Hagen/Düsseldorf. . Ina Scharrenbach ist die erste Landes-Heimatministerin. Wir haben mit ihr über Heimat gesprochen – und wollen auch Ihre Meinung wissen!
- Was Ina Scharrenbach mit Heimat verbindet
- Ministerin spricht über Prägungen der Kindheit
- 40-Jährige stellt Ziele des ersten NRW-Heimatministeriums vor
Ina Scharrenbach, Ministerin für Heimat, Kommunales, Bau und Gleichstellung, spricht in ihrem ersten großen Interview mit der WESTFALENPOST (schließlich ist unser Slogan "Stimme der Heimat – Echo der Welt") über die Aufgaben und Ziele des Heimatministeriums.
Warum brauchen wir ein Heimatministerium?
Ina Scharrenbach: Weil die Welt immer unübersichtlicher wird und sich die Menschen nach Überschaubarkeit sehnen.
Wie viele Menschen arbeiten im Ministerium für die Heimat?
Scharrenbach: Wenn dieses Haus zusammengewachsen ist, werden es rund 300 Frauen und Männer sein.
Was verbinden Sie mit Heimat?
Scharrenbach: Mein Zuhause, meine Stadt, aus der ich komme.
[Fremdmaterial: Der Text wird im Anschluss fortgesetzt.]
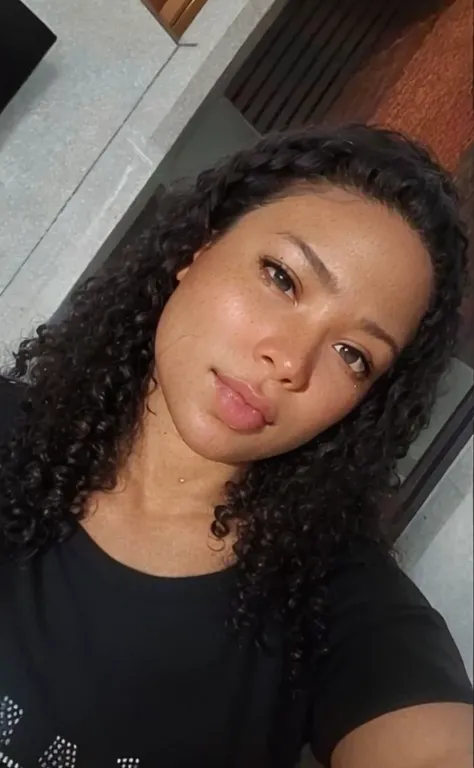 theres a woman with curly cabelo taking a selfie, Tessa Thompson inspirada, cabelo encaracolado preto, taken in the early 2020s, seu rosto emoldurado com cachos, cabelos negros cacheados, preto longo cabelo encaracolado longo, longos cabelos cacheados pret...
Das ist für mich meine Heimat.
Können Sie das näher ausführen?
Scharrenbach: Für Heimat gibt es keine allgemeingültige Erklärung.
Für die einen ist es der Geburtsort, für die anderen Deutschland....
Scharrenbach: Es ist für jeden unterschiedlich. Neben meiner Heimatstadt Kamen sind es meine Familie, meine Freunde. Auch die Bevölkerung. Ich war mehr als 15 Jahre im Stadtrat aktiv. Heimat ist wie ein Mosaik aus vielen Steinen.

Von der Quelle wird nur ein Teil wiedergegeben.